In the entries below, begin at the line that has "Polyester Autumn Long" and stop after the line that has "Falling Chat Bubbles"; output those lines exactly, leaving out pictures.
● ● ● ●
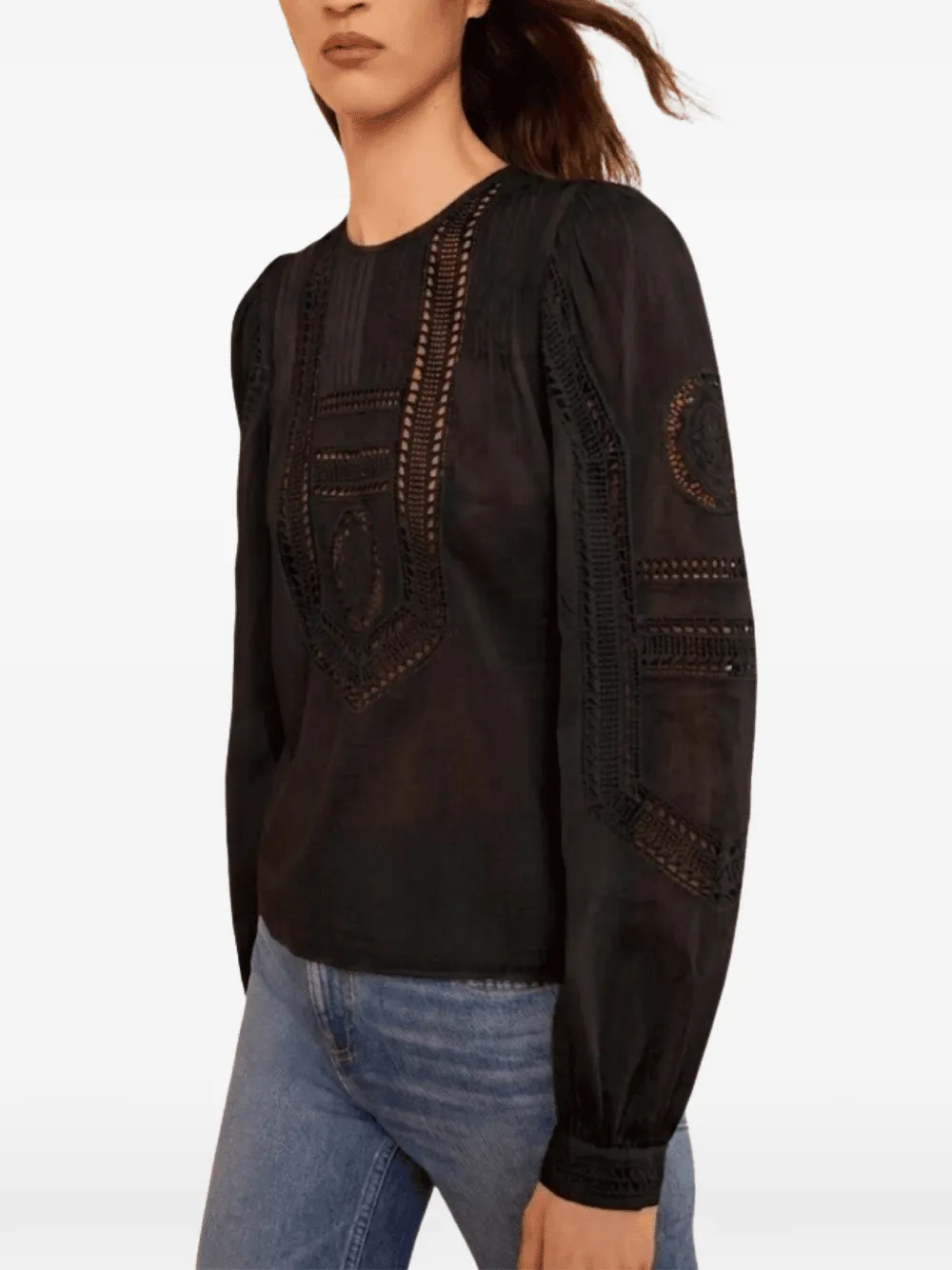 Ulla Johnson Marlowe broderie-anglaise pintuck-detail blouse Zwart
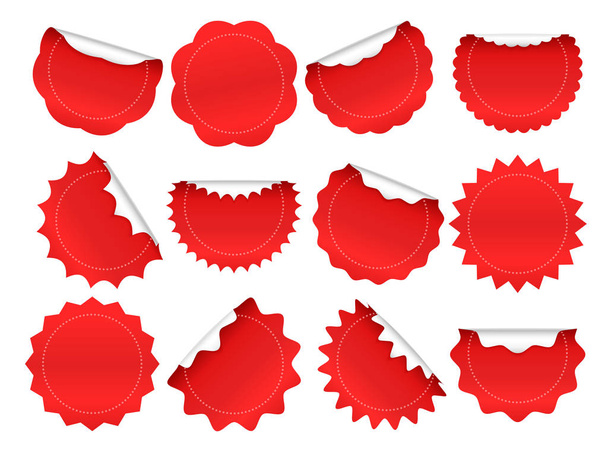 Starburst sticker. Shopping star burst button, red sale stickers and starburst shapes sparks isolated vector frames set - Wektor, obraz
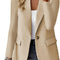 Polyester Autumn Long Sleeve Solid Color Cardigan Small Suit Jacket For Women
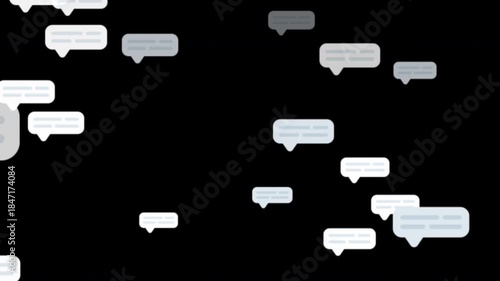 Falling Chat Bubbles Animation Background. Transparent Background Alpha Channel Only On 4K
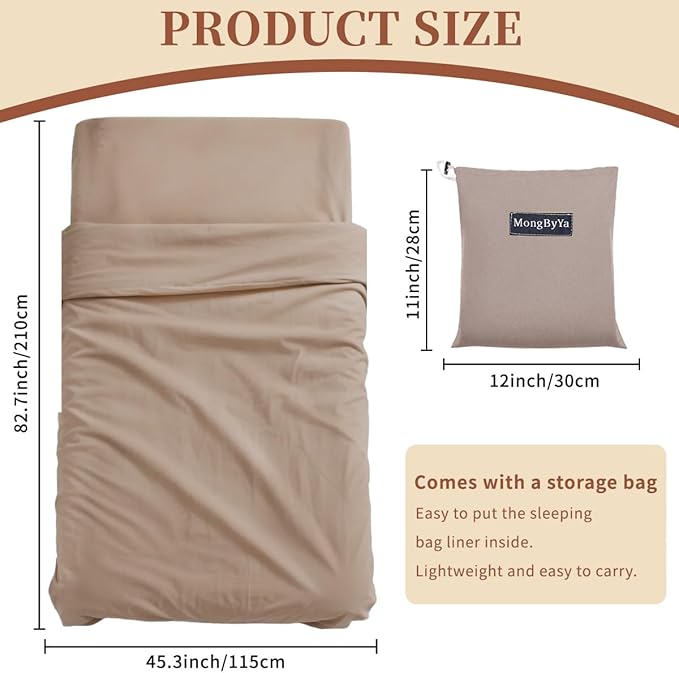 Sleeping Bag Liner Lightweight Compact Sleeping Bag Sack Portable Clean Travel Sheet Camping Sleep Sheet for Backpacking Hotel Hiking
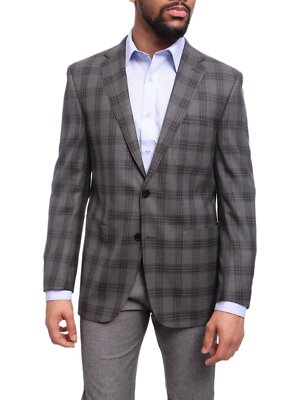Mens Napoli Slim Fit Charcoal Gray Plaid Half Canvassed Cotton Blazer  Sportcoat
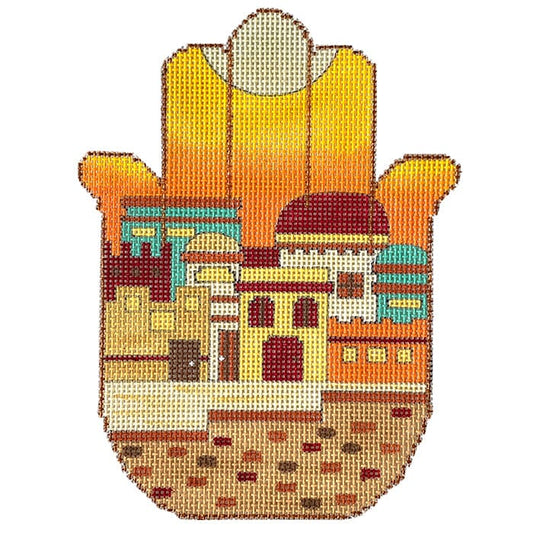 Sunset Over City Hamsa Painted Canvas Alice Peterson Company 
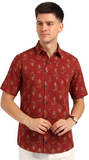 Cotton Hand Block Print Half Sleeves Summer Shirt for Men Red Yellow Flower
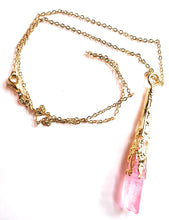 Load image into Gallery viewer, Pink hematite crystal spike pendant necklace with gold chain and decorative gold-plated filigree.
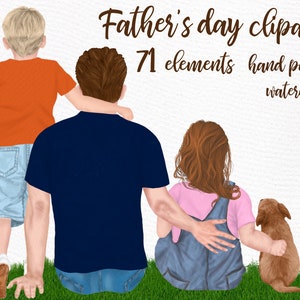 Padre e hijos clipart: "FATHER'S DAY CLIPART" Daddy clipart acuarela clipart Hombre Clipart Little Boy Best Dad clipart Diy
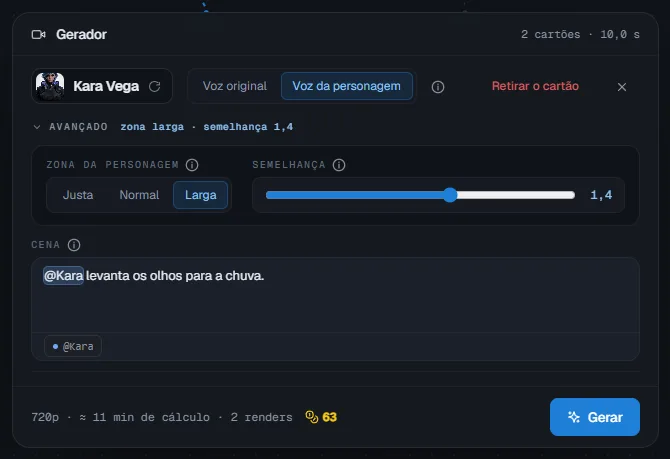 As definições avançadas abertas: zona da personagem e semelhança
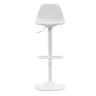 Барный стул Orlando-T из белой синтетической кожи и белой матовой стали 60-82 см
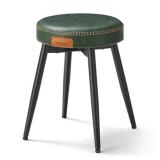 VASAGLE EKHO Collection - Dining Chairs Stools, Upholstered Kitchen Stools, Vanity Stools, Synthetic Leather with Stitching, Mid-Century Modern, 19-Inch Tall, Easy Assembly, Forest Green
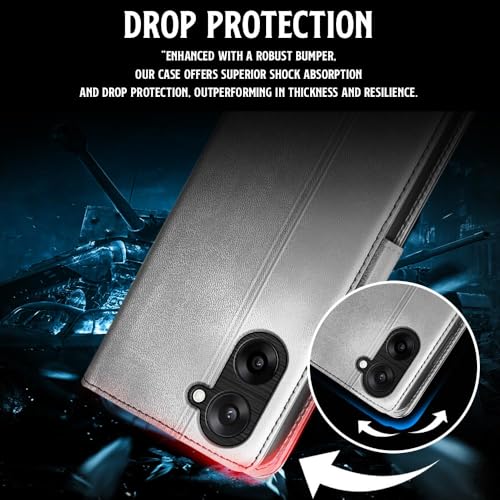 Image of WOW IMAGINE Shock Proof Flip Cover Back Case for 1+ OnePlus Nord CE 5 5G (Magnetic Button Flip Case | Wallet Pockets & Stand | Leather Finish | Stone Grey)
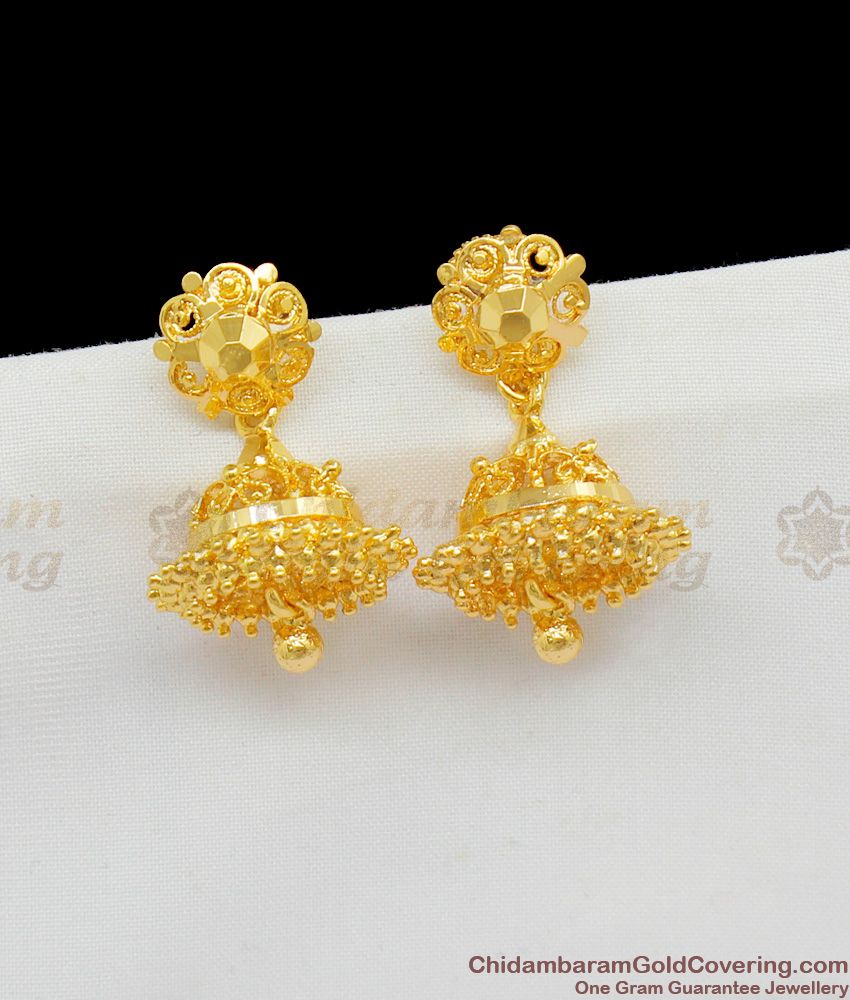 New Arrival Gold Plated Small Flower Model Jhumka Earrings For Girls ER1467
● ● ● ●
Worked solution |
 Polyester Autumn Long Sleeve Solid Color Cardigan Small Suit Jacket For Women
 Falling Chat Bubbles Animation Background. Transparent Background Alpha Channel Only On 4K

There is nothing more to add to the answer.